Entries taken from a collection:
◆ ◆ ◆

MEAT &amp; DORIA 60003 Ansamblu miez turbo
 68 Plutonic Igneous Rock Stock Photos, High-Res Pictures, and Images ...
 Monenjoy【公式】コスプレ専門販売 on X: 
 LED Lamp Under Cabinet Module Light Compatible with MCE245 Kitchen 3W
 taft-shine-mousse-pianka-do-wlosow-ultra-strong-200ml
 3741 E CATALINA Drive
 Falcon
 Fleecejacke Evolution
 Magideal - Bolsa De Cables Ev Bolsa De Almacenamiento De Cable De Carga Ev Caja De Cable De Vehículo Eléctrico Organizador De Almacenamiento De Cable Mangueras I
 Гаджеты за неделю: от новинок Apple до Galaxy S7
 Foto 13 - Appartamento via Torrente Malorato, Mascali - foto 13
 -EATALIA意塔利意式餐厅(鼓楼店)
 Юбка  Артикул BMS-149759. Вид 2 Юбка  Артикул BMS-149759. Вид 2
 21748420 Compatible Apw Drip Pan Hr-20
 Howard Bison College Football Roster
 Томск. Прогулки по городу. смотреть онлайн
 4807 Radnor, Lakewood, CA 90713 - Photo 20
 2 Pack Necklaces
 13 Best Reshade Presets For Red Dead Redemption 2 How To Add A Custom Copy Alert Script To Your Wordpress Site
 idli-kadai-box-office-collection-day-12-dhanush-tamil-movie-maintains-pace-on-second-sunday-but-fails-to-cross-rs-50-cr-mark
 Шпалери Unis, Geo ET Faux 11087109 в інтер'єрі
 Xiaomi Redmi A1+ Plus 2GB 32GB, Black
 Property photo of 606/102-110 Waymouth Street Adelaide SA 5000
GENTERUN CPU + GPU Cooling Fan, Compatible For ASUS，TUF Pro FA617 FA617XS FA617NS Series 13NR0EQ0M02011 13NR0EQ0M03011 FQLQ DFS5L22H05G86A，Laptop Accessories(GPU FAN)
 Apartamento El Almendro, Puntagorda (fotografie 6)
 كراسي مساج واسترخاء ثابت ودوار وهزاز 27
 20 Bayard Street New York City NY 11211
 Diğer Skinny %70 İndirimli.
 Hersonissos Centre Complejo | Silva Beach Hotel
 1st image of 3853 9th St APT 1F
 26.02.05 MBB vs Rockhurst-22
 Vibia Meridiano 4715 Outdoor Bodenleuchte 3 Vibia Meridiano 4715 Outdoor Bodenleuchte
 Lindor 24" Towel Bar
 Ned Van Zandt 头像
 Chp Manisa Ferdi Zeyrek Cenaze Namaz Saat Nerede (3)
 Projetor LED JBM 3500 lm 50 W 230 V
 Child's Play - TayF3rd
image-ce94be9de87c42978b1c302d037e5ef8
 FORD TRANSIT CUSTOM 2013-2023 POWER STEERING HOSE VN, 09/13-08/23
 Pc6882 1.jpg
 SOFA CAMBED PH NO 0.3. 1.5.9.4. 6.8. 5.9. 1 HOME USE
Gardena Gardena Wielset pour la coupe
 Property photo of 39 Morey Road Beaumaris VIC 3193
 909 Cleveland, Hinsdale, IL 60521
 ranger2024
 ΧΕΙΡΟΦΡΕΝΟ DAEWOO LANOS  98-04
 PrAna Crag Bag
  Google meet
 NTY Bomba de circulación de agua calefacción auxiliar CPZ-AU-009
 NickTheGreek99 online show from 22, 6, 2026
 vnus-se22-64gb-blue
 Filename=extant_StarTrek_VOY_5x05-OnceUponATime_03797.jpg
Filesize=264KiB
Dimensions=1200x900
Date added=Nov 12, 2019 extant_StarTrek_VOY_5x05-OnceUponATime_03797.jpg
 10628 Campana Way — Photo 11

◆ ◆ ◆

#### Prompt:
From the line containing "Filename=extant_StarTrek_VOY_5x05-OnceUponATime_03797.jpg" to the final line of the data, repeat each line exactly. Include both ends.

#### The answer:
 Filename=extant_StarTrek_VOY_5x05-OnceUponATime_03797.jpg
Filesize=264KiB
Dimensions=1200x900
Date added=Nov 12, 2019 extant_StarTrek_VOY_5x05-OnceUponATime_03797.jpg
 10628 Campana Way — Photo 11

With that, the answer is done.